Il quitte l’école à 14 ans, « quasiment analphabète » pour devenir « laveur de chiottes« . Il enchaîne les petits boulots afin de se payer des cours de dessin, de théâtre ou encore un brevet de pilote d’avion, qui lui sert lors de son service militaire puisqu’il est envoyé au Tchad en tant que pilote. A 23 ans, il récupère la maison des jeunes de Bondoufle et se lance dans les records du monde pour occuper les jeunes: il traverse un tunnel en feu de 50 mètres de long, fabrique la plus longues chaîne de trombones au monde (42 kilomètres), construit une salle de bain et des toilettes motorisées, effectue le plus long lancer d’œuf au monde (67 mètres) et s’attelle au transvasement d’une tonne de sable à la cuillère. Soit une petite quinzaine de records du monde réalisé au nom de la commune de Bondoufle. Il détient aussi, à titre personnel, le record du monde de la grève de la faim dans un clocher d’église: 12 jours dans un caisson à 35 mètres du sol pour sauver une radio locale qu’il avait montée.

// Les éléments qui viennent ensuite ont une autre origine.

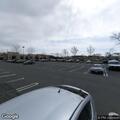 Driver reports car bumper contact in parking lot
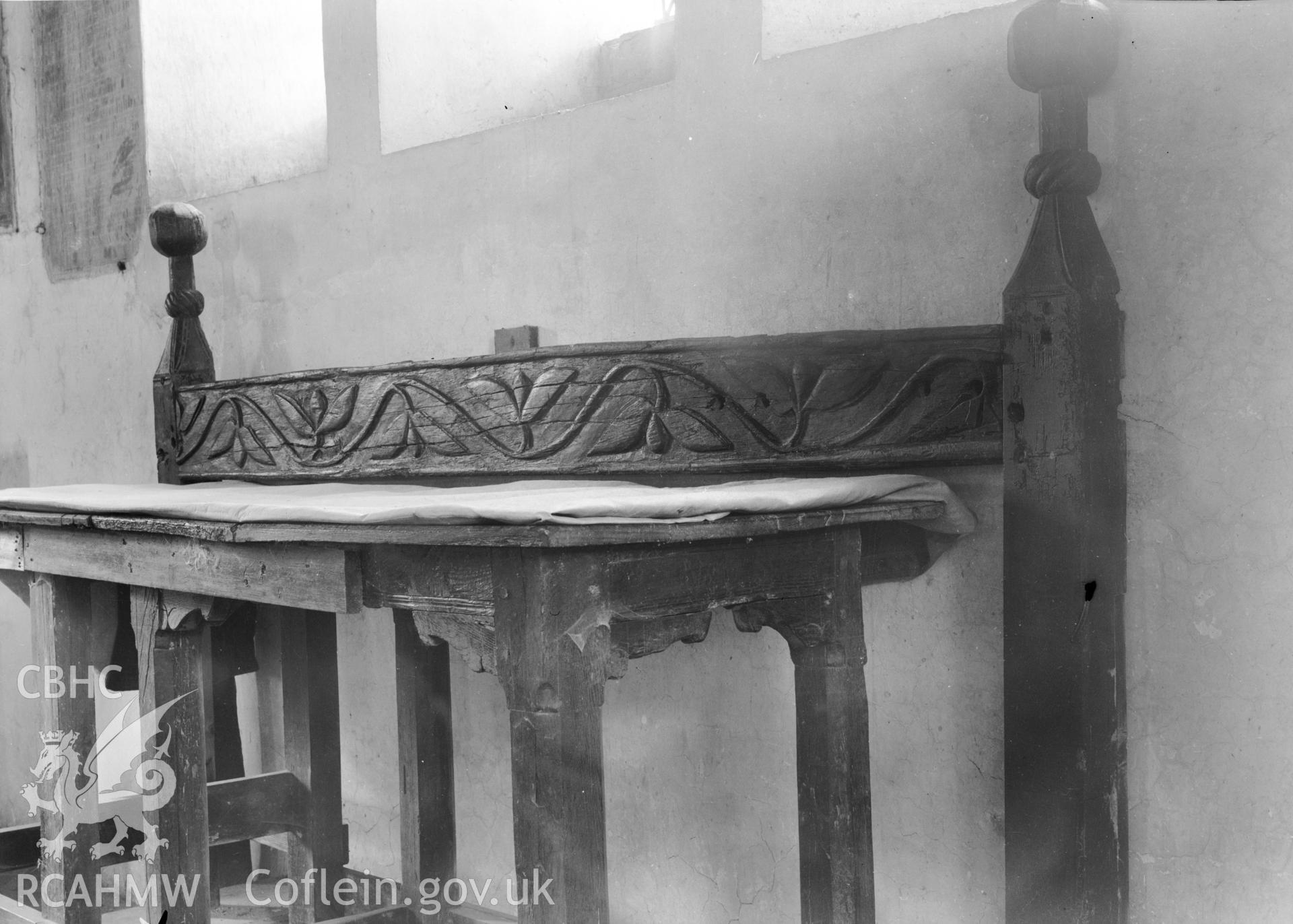 Interior view showing carved desk at St Brothen's Church, Llanfrothen taken 07.06.1941.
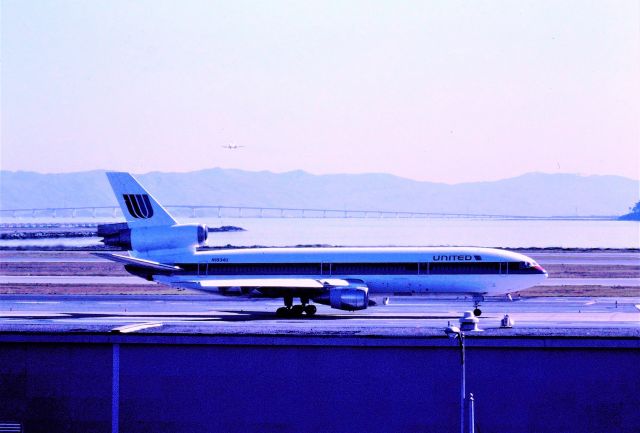 McDonnell Douglas DC-10 (N1834U) - KSFO - date apprx early to mid 1990s before the SFO Airport expansion, and eventual blocking this view, I used to park on the top floor of the inside garage area because I could park where I am shown here and see all of the 28LR arrivals and watch the 1LR departures, even though a bad sun angle. This DC-10 was leased from United new to Delta Airlines as N602DA and returned a few years later and re-reg to the N1834U United reg.here. The DC10 was on taxi the long way around the airport taxiways to Runway 28L left behind the tail, for departure most likely Honolulu. For the detailed oriented, I think the 727 on final is Western Airlines.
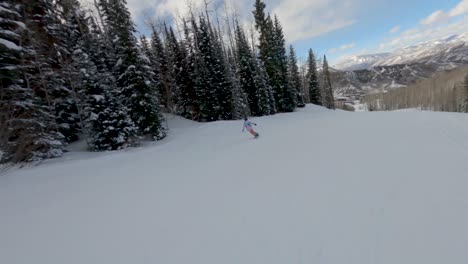 Mujer-Snowboarder-Realizando-Un-Ollie-Y-Continuar-Cuesta-Abajo,-Aspen,-Colorado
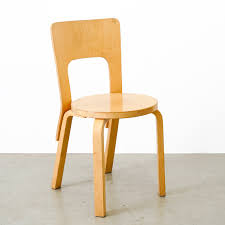 The functional birch wood stool impresses with its simple shape and for all through the special curvature of the legs, a design feature which is a central component of all alvar aalto furniture. Model 66 Stool By Alvar Aalto For Artek Finland 87137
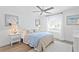 Serene bedroom features neutral decor, a ceiling fan, and a window with sheer curtains at 7060 S Shore S Dr, South Pasadena, FL 33707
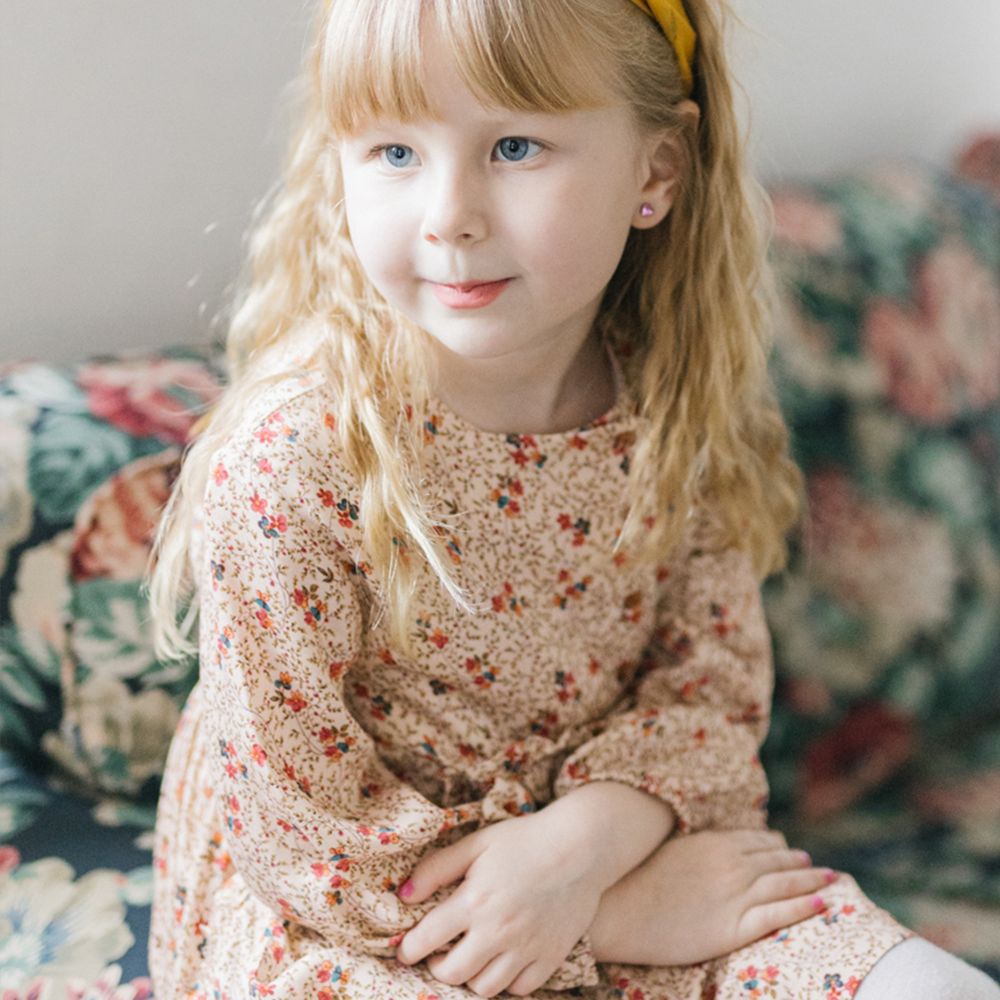 Young girl with long blonde hair and a yellow headband sits on a floral sofa in a ditsy floral dress, hands crossed.
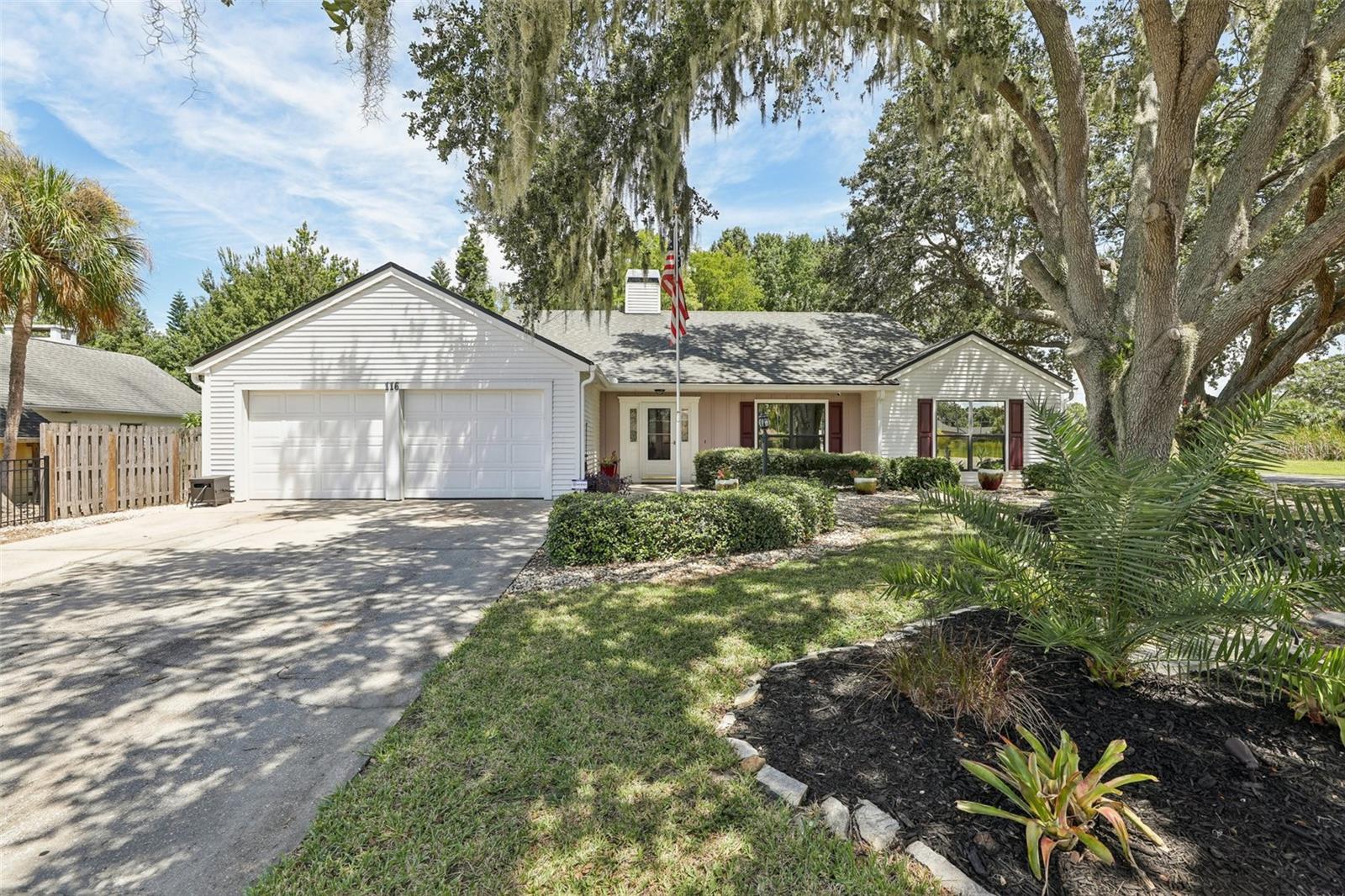 This stunning 4-bedroom, 2-bathroom pool home, a Parade of Homes Remodel award winner, is a true gem. Situated on an oversized corner lot, it boasts an abundance of mature trees and lush landscaping, creating a serene and private oasis. Step inside to a bright, open, and versatile floor plan that is easily adaptable to any lifestyle. The home features fresh paint throughout and no carpet, with newer luxury vinyl flooring, ceramic tile, and hardwoods for a clean, modern look. The great room is a showstopper, anchored by a beautiful stacked stone fireplace with a wood mantle. This space flows seamlessly into the sunny dining area and kitchen. The kitchen is a chef's delight, complete with custom warm wood cabinetry, granite countertops, a pantry, a built-in desk, and a prep island. It features top-of-the-line stainless steel appliances, including a gas and electric cooktop, a Bosch dishwasher, and a built-in oven with a warming drawer. The primary suite is a private retreat with a one-of-a-kind ensuite bathroom. It includes an oversized jetted tub with color changing lights, skylight and a unique stacked stone waterfall feature and step down shower for a serene retreat. A second bedroom with an oversized walk-in closet has vaulted cedar ceilings and offers flexibility as a bonus room and has direct access to the pool area. Two additional spacious bedrooms share a well-appointed bathroom. The home also features custom blinds, ceiling fans, and an inside laundry room. The outdoor space is an entertainer's dream. The sparkling, heated, screened-in pool has a waterfall and lighting features, along with multiple entertaining spaces. These areas are enhanced with built-in surround sound speakers, ceiling fans, and a separate paver patio with vaulted cedar ceilings and highlighted by a stacked stone wood-burning fireplace. Additional features include energy-efficient double-pane windows, a Generac generator, a reverse osmosis water filtration system in the kitchen, a buried propane tank, a roof less than 5 years old, and custom gutter guards. A storage shed provides extra space for all your outdoor needs and a side entry driveway provides access to the backyard. Located in a well-established neighborhood with no HOA, this home offers easy access to downtown and the waterfront Tavares areas. Tour it today and discover your new dream home!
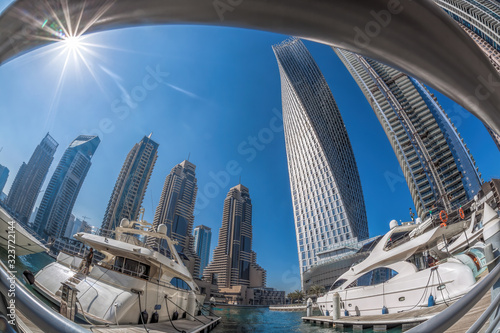 Dubai Marina with boats against skyscrapers in Dubai, United Arab Emirates photo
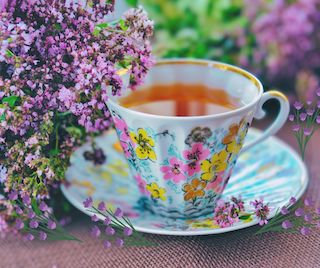 purple flowers and floral teacup with saucer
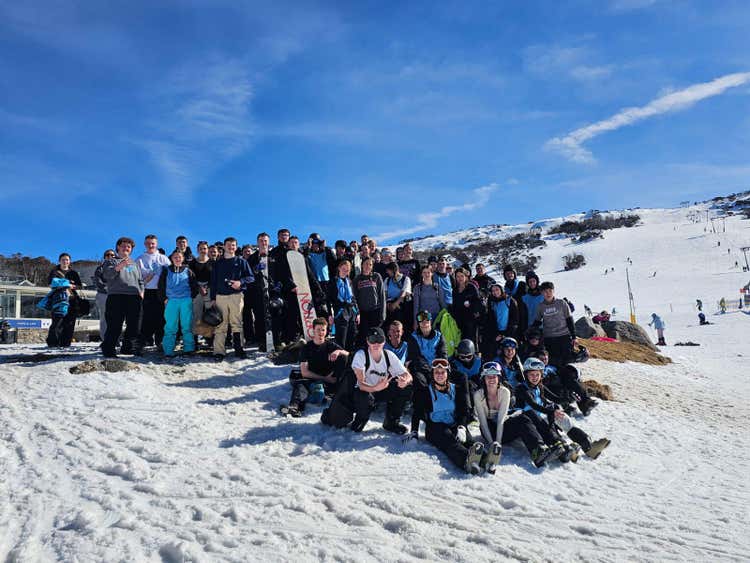 May be an image of 6 people and people skiing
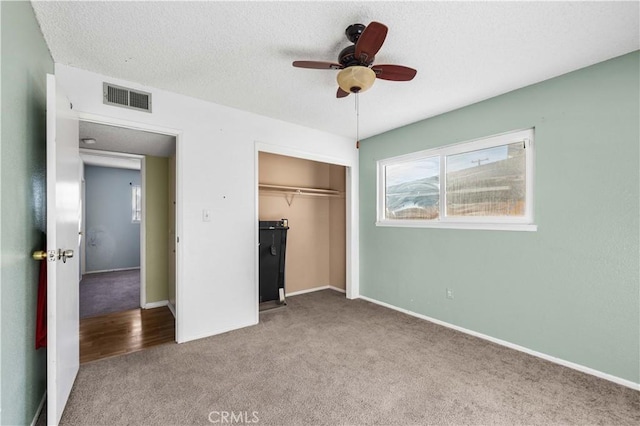 unfurnished bedroom featuring a textured ceiling, light carpet, ceiling fan, and a closet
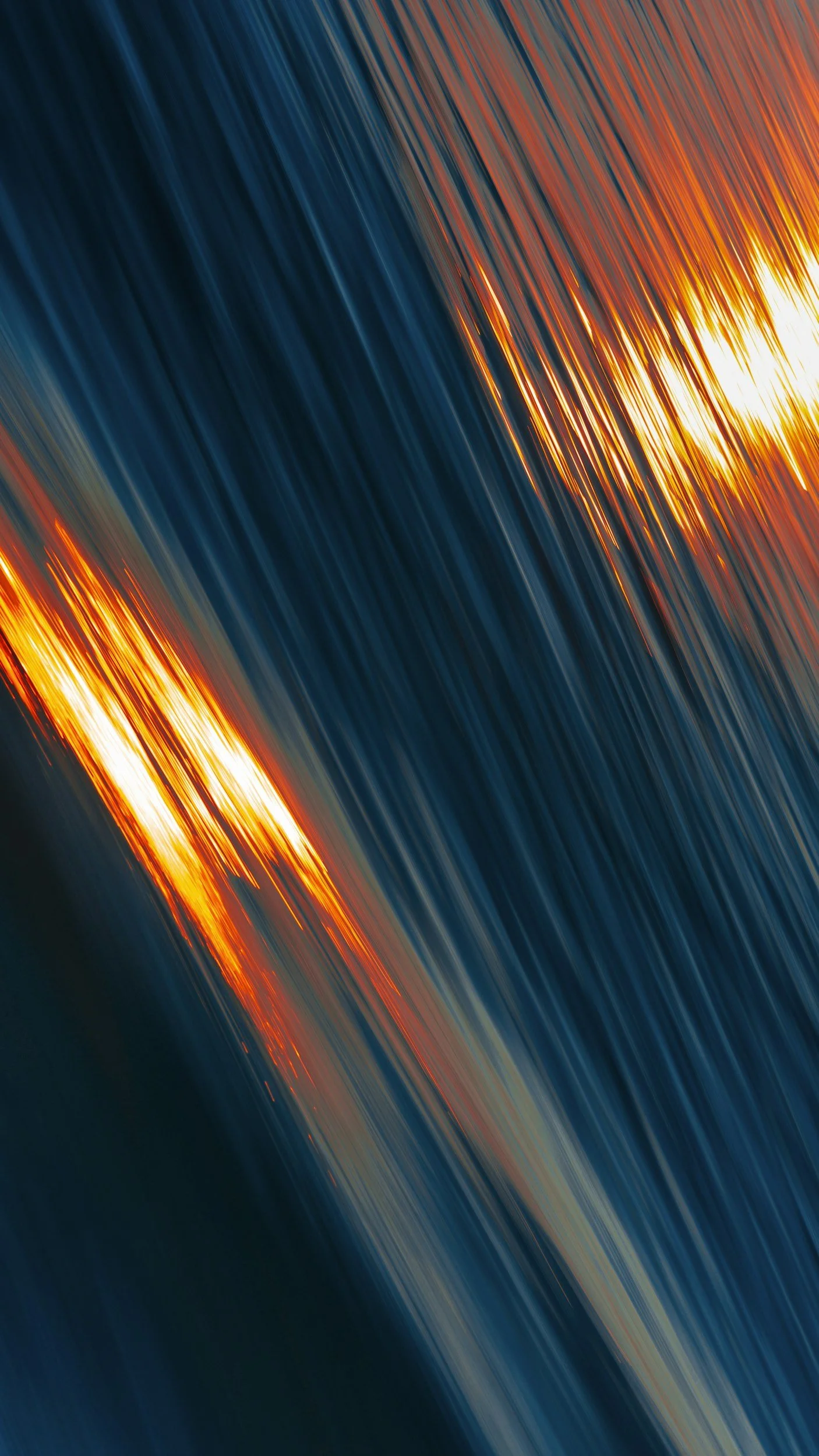 Abstract long-exposure light trails in vivid orange, white, and deep blue arcs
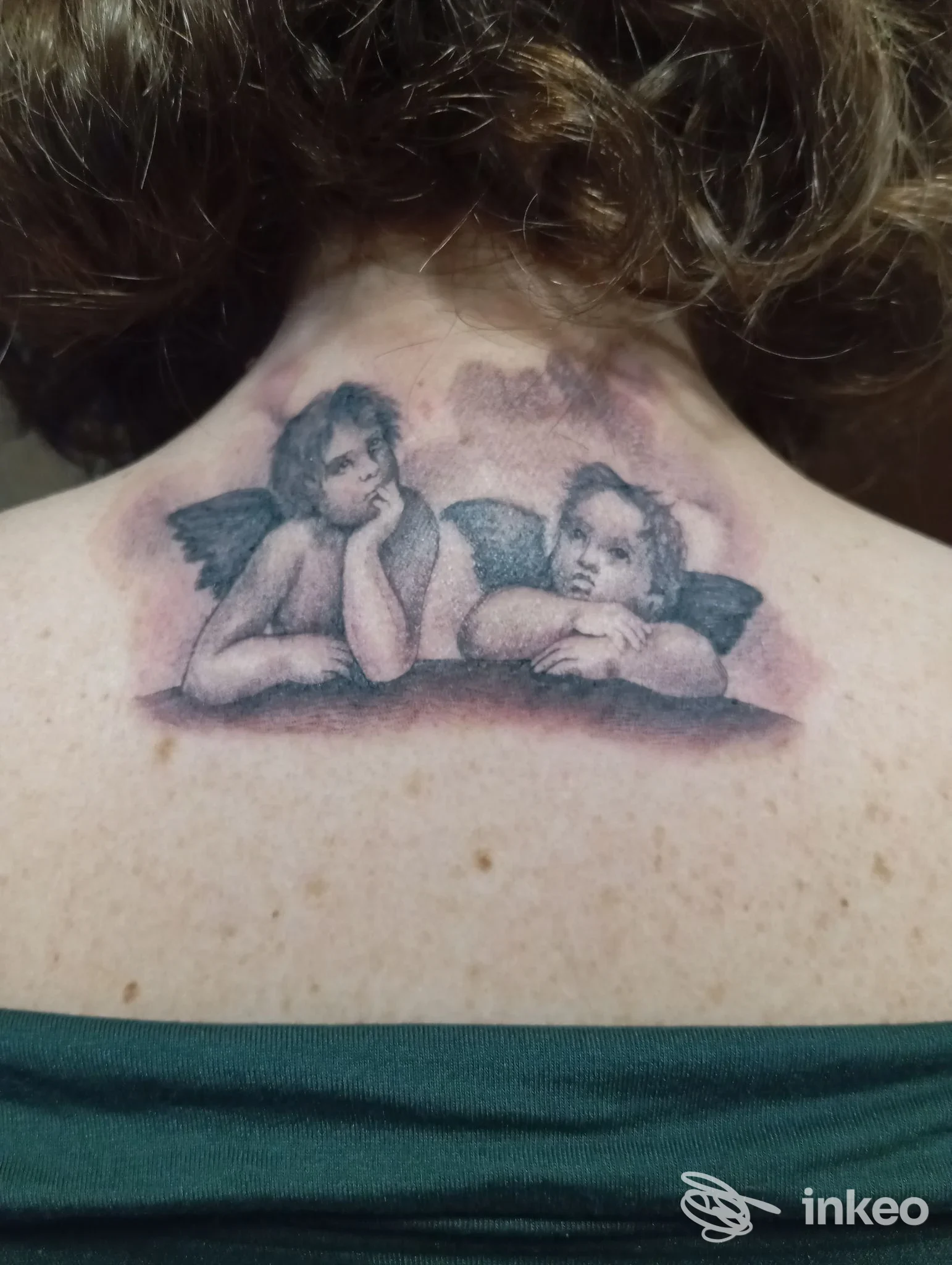 Tatuaggio di due putti/angioletti sulla parte alta della schiena, fotografato al centro della nuca. Big Art gallery, Roma.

Philippe Pascot n’est pas du genre à faire les choses à moitié. Pendant un certain temps, il monte des combats de catch, ce qui le pousse à essayer: « Quand j’étais gentil je m’appelais Phiphi Brindacier, quand j’étais méchant je m’appelais docteur Herr Von Braun« . Il se présente aussi comme l’un des « spécialistes des caméras cachées en France« . Avec une soixantaine à son actif pour TF1 ou Macdonald’s. « Même quand j’étais en politique j’en faisais, précise-t-il, je n’ai jamais voulu être catalogué dans un truc. C’est ma force et ma faiblesse » confie-t-il.
Mais Philippe Pascot fait aussi dans l’humain. Il donne des cours de théâtre à des jeunes de CFA et leur organise un spectacle sur la scène de l’espace Pierre Cardin entouré de professionnels pour leur redonner confiance en eux, monte des chorales pour le Téléthon, s’occupe d’un orchestre symphonique dans un quartier défavorisé de Kinshasa, sensibilise à la leucémie chez les enfants pendant 10 ans, lutte contre une secte appelée « La fraternité blanche universelle »…
« J’aime bien le spectacle, faire et faire savoir (…) et surtout semer des petites graines dans la tête des gens pour qu’elles poussent » explique-t-il. Aujourd’hui, il lutte très activement contre l’exploitation de l’huile et du gaz de schiste en France. Punir ceux qui abusent, aider ceux qui sont faibles. Philippe Pascot sous ses airs rebelles serait-il finalement un représentant de la morale?